Vierte Periode (1946–1991)
Mit Wiederöffnung der Universität am 5. Februar 1946 nahm auch die Bibliothek den Ausleihbetrieb wieder auf. Ende 1946 waren die Bestände aus den Auslagerungsorten zurück und ca. 600.000 Bände benutzbar, die Nachfrage blieb jedoch gering; der Jahresbericht 1946 meldet für April bis November etwas über 3.000 im Lesesaal benutzte und ebensoviel nach Hause entliehene Bände. Wegen des Kriegsschadens am Hauptgebäude der Universitätsbibliothek verlagerte sich in den folgenden Jahrzehnten die Nutzung aktueller Literatur vielfach in Instituts- und Sektionsbibliotheken. Viele Wissenschaftler arbeiteten in der DDR-Zeit lieber in der Deutschen Bücherei (gegr. 1913), die auch nach Einbau eines dritten Lesesaals fast immer überfüllt war.
Welchen Umfang die Aufstellung der universitären Buchbestände nach dem sogenannten zweischichtigen System hatte, zeigt der 1957 eingerichtete Zentralkatalog, der zunächst nur die Medien der Leipziger Universitätsinstitute erfasste. Er verzeichnete schließlich den Buch- und Zeitschriftenbestand von 62 Bibliotheken aus dem Bezirk Leipzig und besaß im Jahr 1975 einen Umfang von 580.000 Titeln. Im Zuge der Dritten Hochschulreform erhielt die Universität 1968 eine neue Bibliotheksordnung, nach der alle Buchbestände der Universität Eigentum der Universitätsbibliothek Leipzig sind (sogenanntes einschichtiges System); es wurden damit die Instituts- und Fakultätsbibliotheken zu Außenstellen und Studienbibliotheken.
Einer Umstrukturierung der Bibliothekslandschaft verdankt die Universitätsbibliothek Leipzig auch den geretteten Sondersammlungsbestand der Stadtbibliothek, der den Krieg überstanden hatte und 1960 in die Albertina übergeben wurde, darunter ca. 1.800 Handschriften, 690 Inkunabeln, ca. 14.000 Autographen, eine Sammlung Leipziger Drucke des frühen 16. Jh.s und die Bibliothek der Deutschen Gesellschaft, im 18. Jh. unter Gottsched zusammengetragen.

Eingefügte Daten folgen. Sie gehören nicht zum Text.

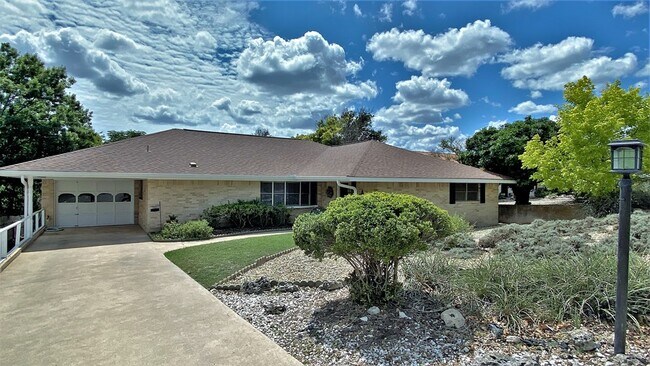Building Photo - 216 Loma Vista Dr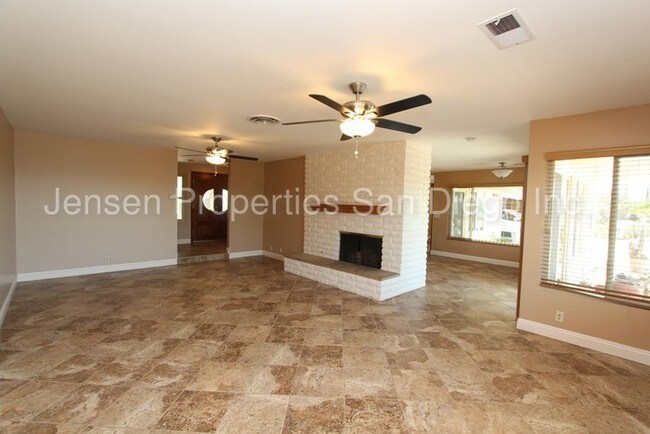 Building Photo - 13863 Tierra Bonita Rd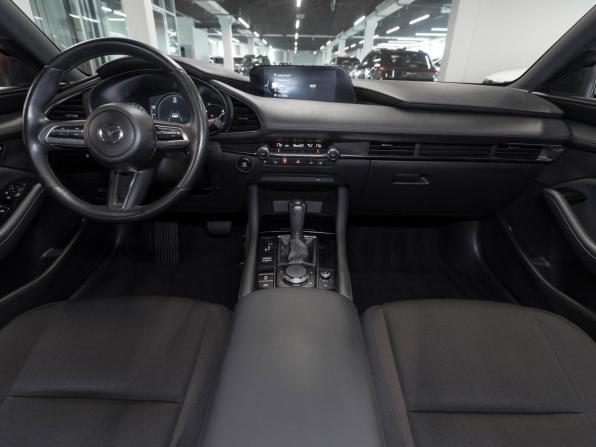 Mazda 3 IV (BP) с пробегом 2019 года, цена 2 030 000 рублей, 163602 км, хэтчбек, Автокод Объявления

Eine Verbesserung der Benutzung brachte die ins neue Universitätsgebäude am Karl-Marx-Platz (vor 1953 und nach 1990 Augustusplatz) eingebaute und im Oktober 1978 eröffnete "Zweigstelle 1" mit über 500 Arbeitsplätzen vor allem für die geistes- und gesellschaftswissenschaftlichen Disziplinen. Konzipiert für einen Maximalbestand von 500.000 Bänden und ausgestattet mit drei Lesesälen, besaß diese größte Zweigstelle der Universitätsbibliothek eine systematisch aufgestellte Lehr- und Fachbuchsammlung mit eigenen sowohl alphabetischen wie sachlichen Katalogen. Alle zentralen bibliothekarischen Dienstleistungen aber wurden nach wie vor im Hauptgebäude an der Beethovenstraße erbracht, wo die Mitarbeiterinnen und Mitarbeiter oft mit inadäquaten Räumlichkeiten zu kämpfen hatten. Mit Eröffnung der Zweigstelle 1 wurde dort und in der Hauptbibliothek übrigens die elektronische Ausleihverbuchung eingeführt, ein mit dem Rechenzentrum entwickeltes System, das von anderen Bibliotheken später nachgenutzt wurde.

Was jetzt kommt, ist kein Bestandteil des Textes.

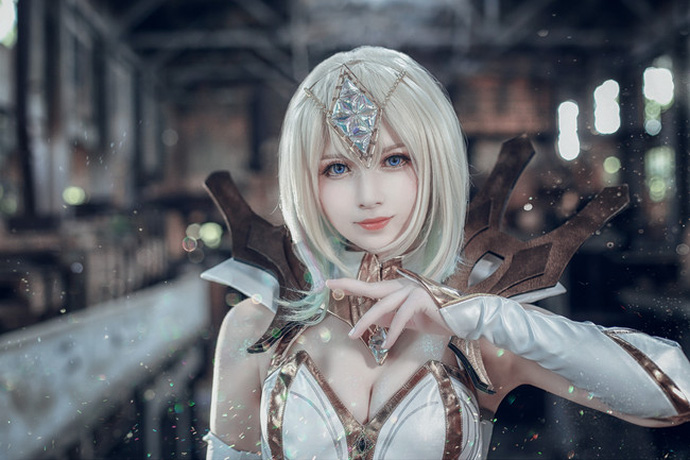 cosplay-lux-thap-dai-nguyen-to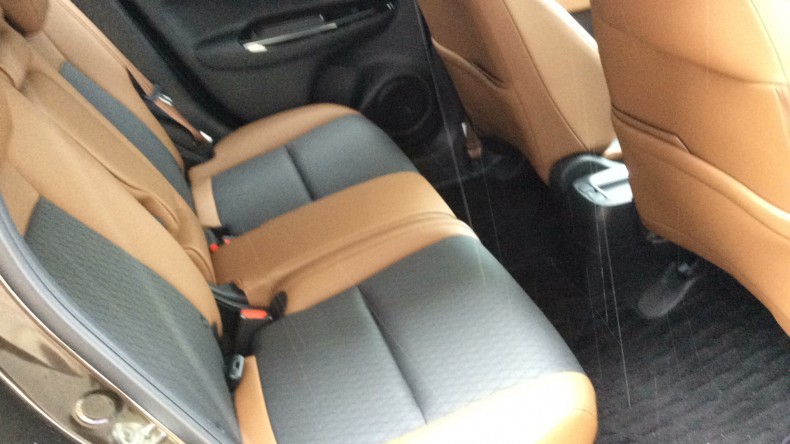 内装後方シート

Nachdem in den erhaltenen Bereichen und den bis 1950 zum Teil wieder aufgebauten Räumen der Gesamtbestand benutzungsfähig aufgestellt war, normalisierte sich der Betrieb, wobei der alte Zeitschriftenlesesaal (Westseite im Erdgeschoss) als Hauptlesesaal genutzt wurde. Magazinausbauten innerhalb der Teilruine dauerten bis 1955, führten aber zu keinem befriedigenden Ergebnis, denn die Räume, in denen Bücher gelagert wurden, blieben in etlichen Bereichen zu feucht, so dass die massive Schimmelbildung, die in den Kellern des Völkerschlachtdenkmals und an anderen Auslagerungsorten begonnen hatte, sich fortsetzte und verstärkte.

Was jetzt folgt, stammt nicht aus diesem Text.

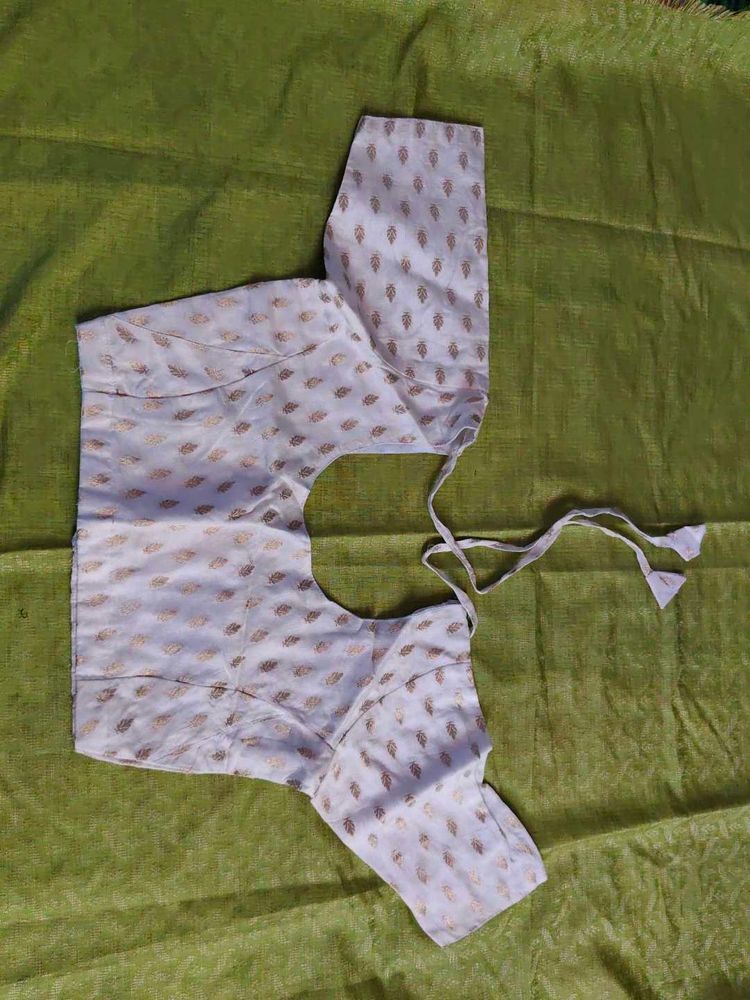 Elegant Brocade Blouse with Leaf Motifs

Die Markierung eines Teilbestands als "verbotene Literatur" in der NS-Zeit wurde rückgängig gemacht, dafür aber eine neue negative Auswahl getroffen und mit einer gelben Raute alle Bücher markiert, die vom Autor oder vom Inhalt her als gefährlich galten. Man erweiterte die Sachgruppe der aus Bestandsschutzgründen separierten Literatur und nahm dort auch "nur bedingt verleihbare" Literatur auf, die durch ein "bv" kenntlich gemacht wurde. Dafür wurde die traditionelle Kategorie der "libri sepositi" für schützenswerte Bücher benutzt. Schon Glauning hatte ausgeführt: "Bei den L. sep. sind Werke sehr verschiedener Art unter sehr verschiedenen Gesichtspunkten zusammengekommen; sie sind teils wegen ihrer Seltenheit an sich, teils wegen handschriftlicher Einträge ihrer Vorbesitzer, teils wegen politischer, teils wegen moralischer Anstößigkeit aus dem Verkehr gezogen worden."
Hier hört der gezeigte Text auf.